Tyler, the Creator singles chronology
| "911 / Mr. Lonely" (2017) | "Boredom" (2017) | "I Ain't Got Time!" (2017) |

Rex Orange County singles chronology
| "Never Enough" (2017) | "Boredom" (2017) | "Edition" (2017) |

Anna of the North singles chronology
| "Someone" (2017) | "Boredom" (2017) | "Money" (2017) |

= Boredom (Tyler, the Creator song) =

2017 song by Tyler, the Creator

"Boredom" is a song written, produced, and performed by American rapper and producer Tyler, the Creator featuring vocals from English singer Rex Orange County and Norwegian singer Anna of the North, with additional vocals from fellow English singer Corinne Bailey Rae. It was released on July 11, 2017, as the second single from Tyler's fourth studio album Flower Boy.

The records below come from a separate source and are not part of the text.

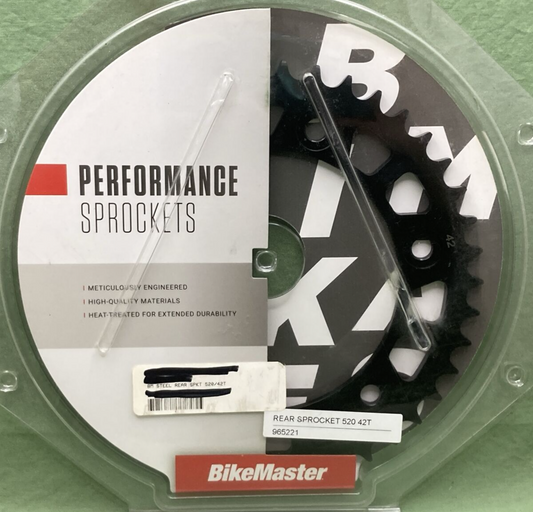NEW BIKEMASTER 965221 40 T REAR SPROCKET 520 HONDA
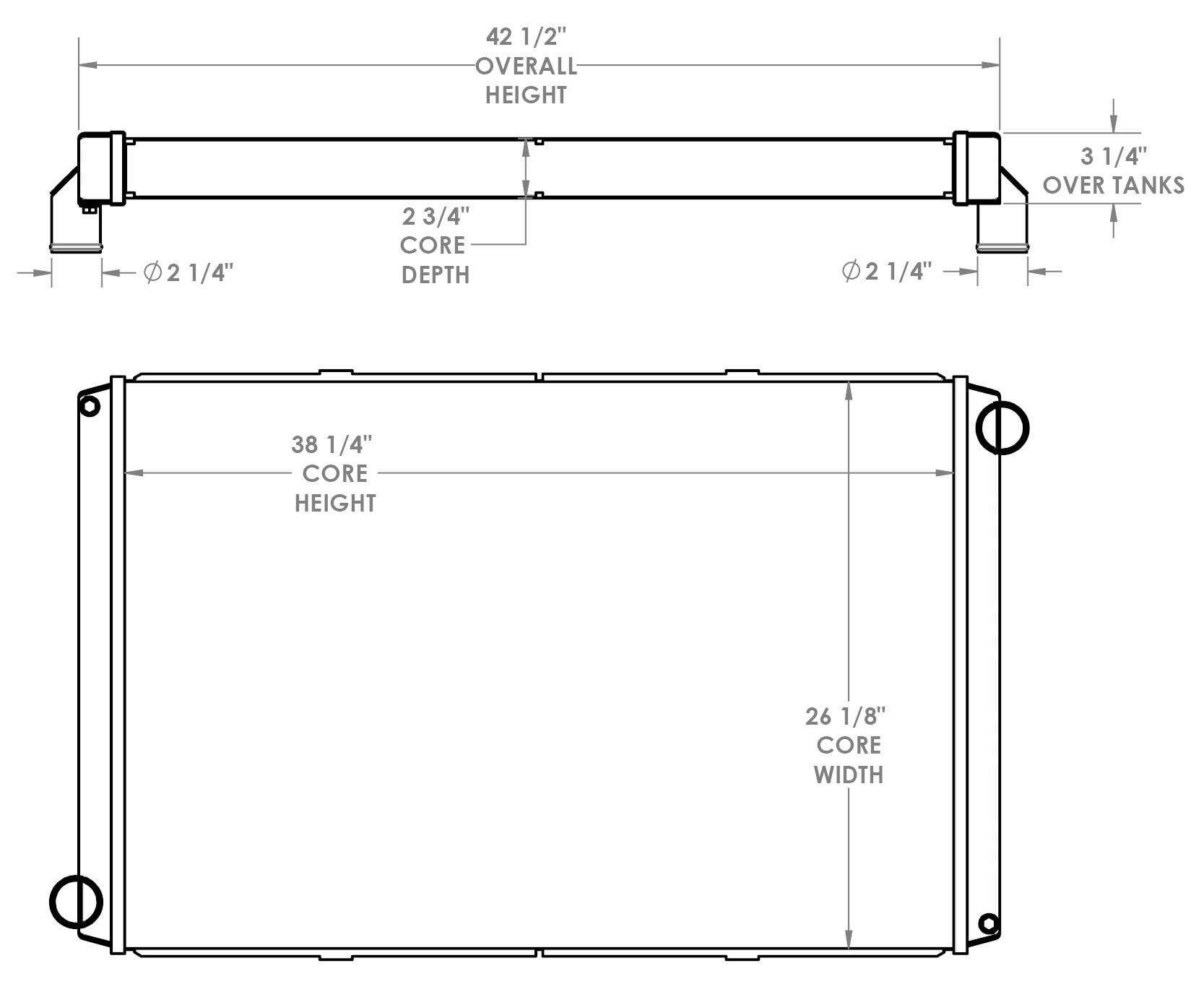 310102 - Monaco Holiday Rambler Radiator Radiator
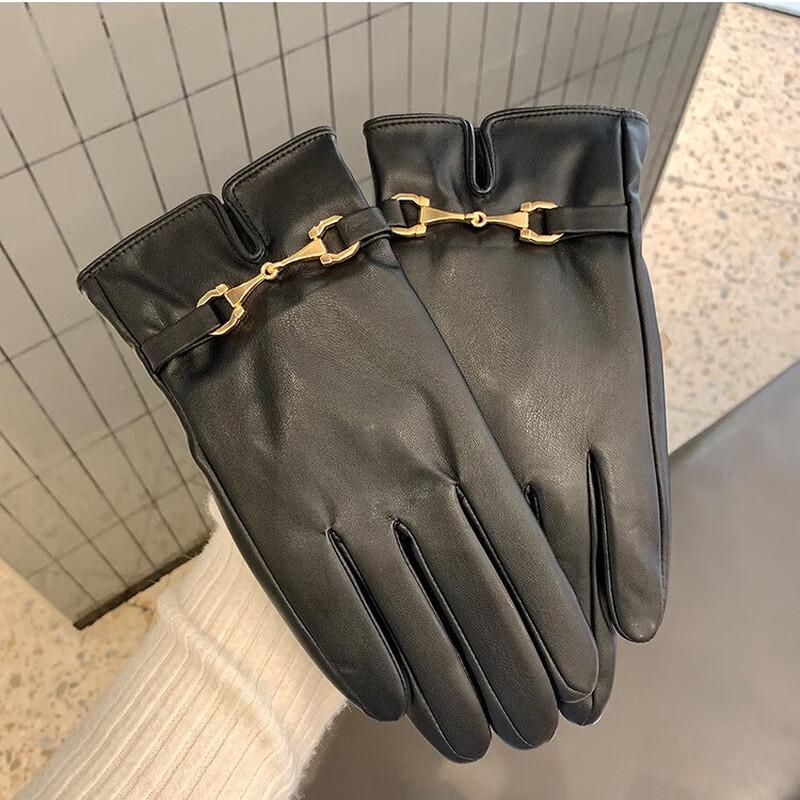 

LCsanyp Women s Winter Fleece-Lined Leather Cycling Gloves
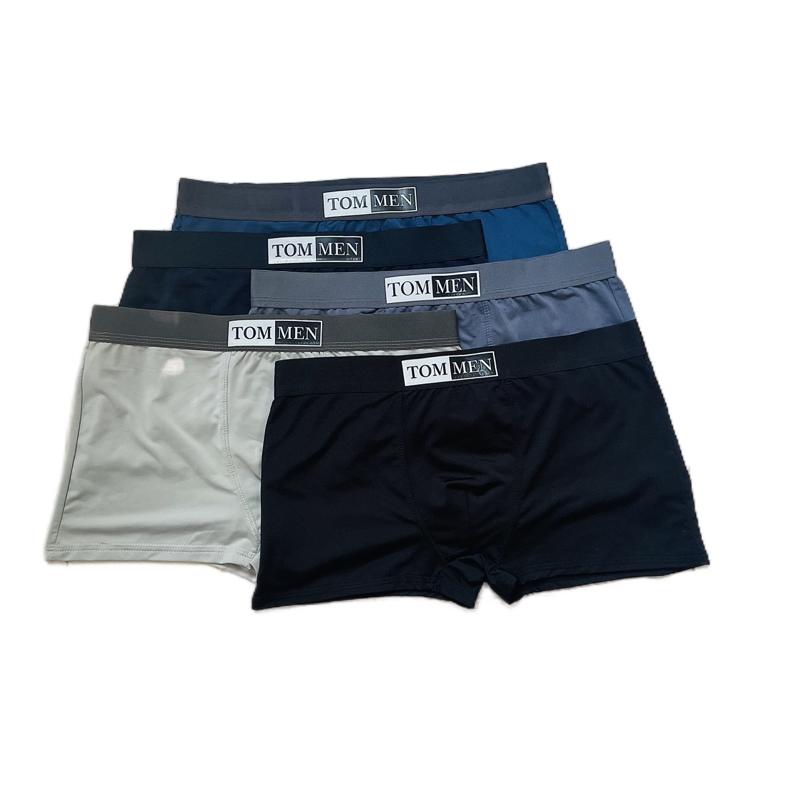 ￼Combo 5 Quần sịp đùi TOM MEN , quần lót  nam cotton thun lạnh co dãn 4 chiều thấm hút tối đa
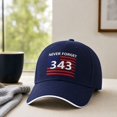 thumbnail image 4 of WULMLEO 911 Hat Never Forget 343 Cap Embroidered 9/11 Memorial Caps Men Women American Flag Patriotic Baseball Hats G One Size, 4 of 6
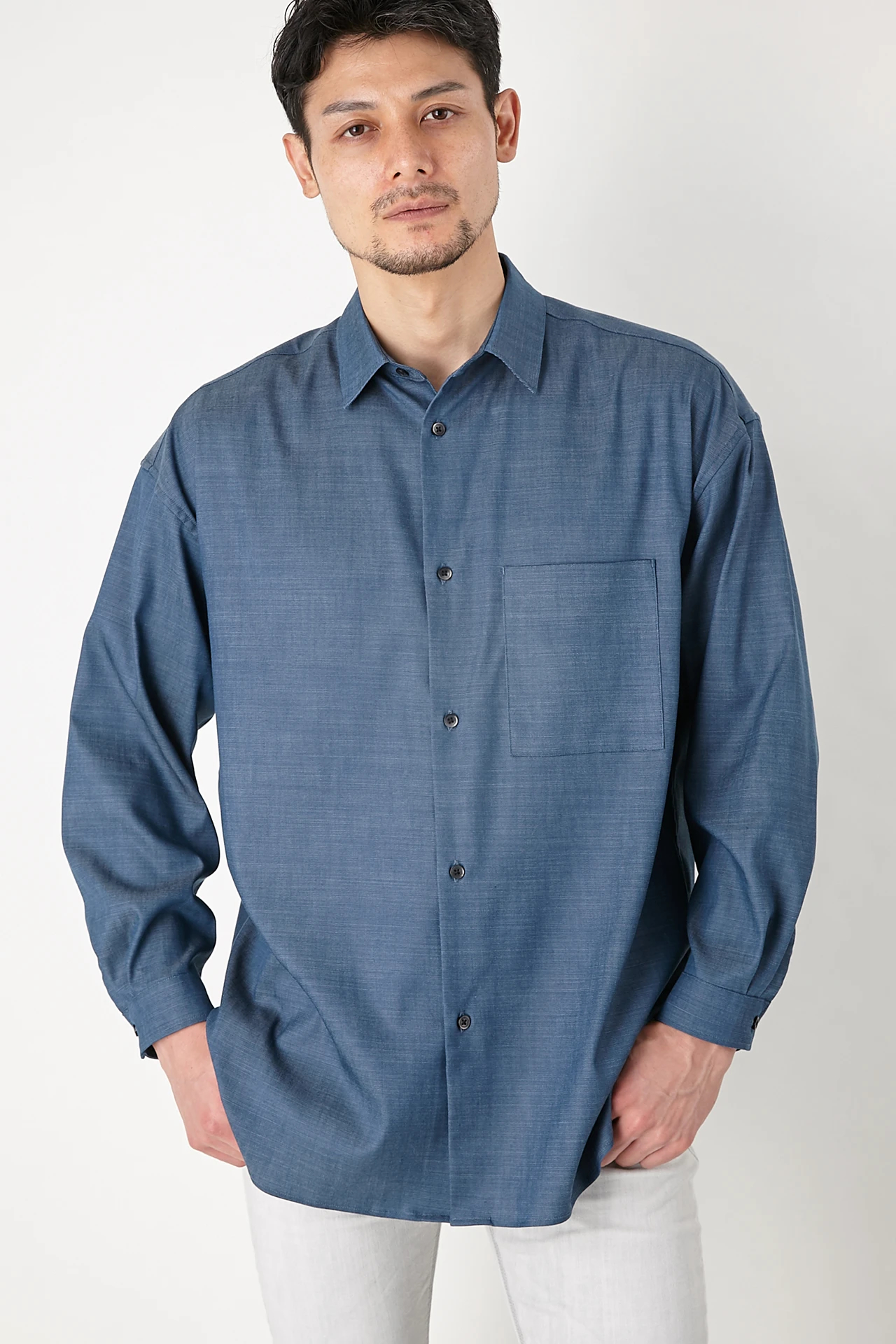 ハイストリート（HIGH STREET）/HIGH STREET∴シャンブレーデニムBIGシャツ HIGH STREET∴シャンブレーデニムBIGシャツ / HIGH STREET（ハイ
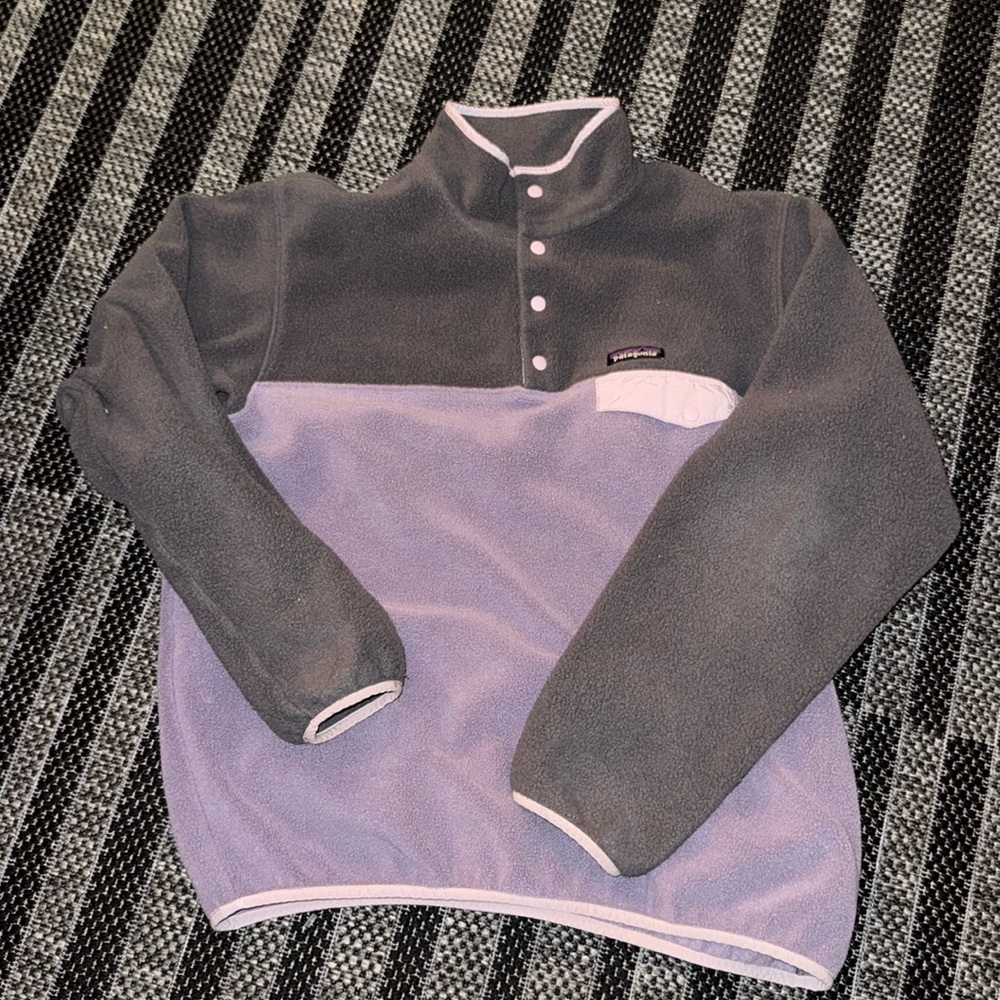 Patagonia Gray and Purple Women's Sweater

== Background and composition ==
Produced by Tyler, the Creator, the instrumental of the song opens with a guitar strum, followed by drum rolls and waves of electric organ. A flanging effect can be heard throughout the song. Tyler expresses his boredom, along with feelings of loneliness and isolation in the song. In an interview with comedian Jerrod Carmichael, Tyler spoke about him writing the song:I wrote that 5pm on a Saturday, laying on my back, looking so bored. It was nothing to do. No one was hitting me back. Jasper was in the other room, bored out of his mind but I didn't see him all day. My room was warm as hell because I like the heater on and it was nothing to eat but dry cereal. And I'm sitting there like what the fuck am I gonna do? I literally wrote that verse in like ten seconds.

== Charts ==

| Chart (2017) | Peak position |
|---|---|
| New Zealand Heatseekers (RMNZ) | 10 |
| US Bubbling Under R&B/Hip-Hop Singles (Billboard) | 9 |

== Certifications ==

| Region | Certification | Certified units/sales |
| Canada (Music Canada) | Gold | 40,000^{‡} |
| Norway (IFPI Norway) | Gold | 30,000^{‡} |
| United States (RIAA) | Platinum | 1,000,000^{‡} |
^{‡} Sales+streaming figures based on certification alone.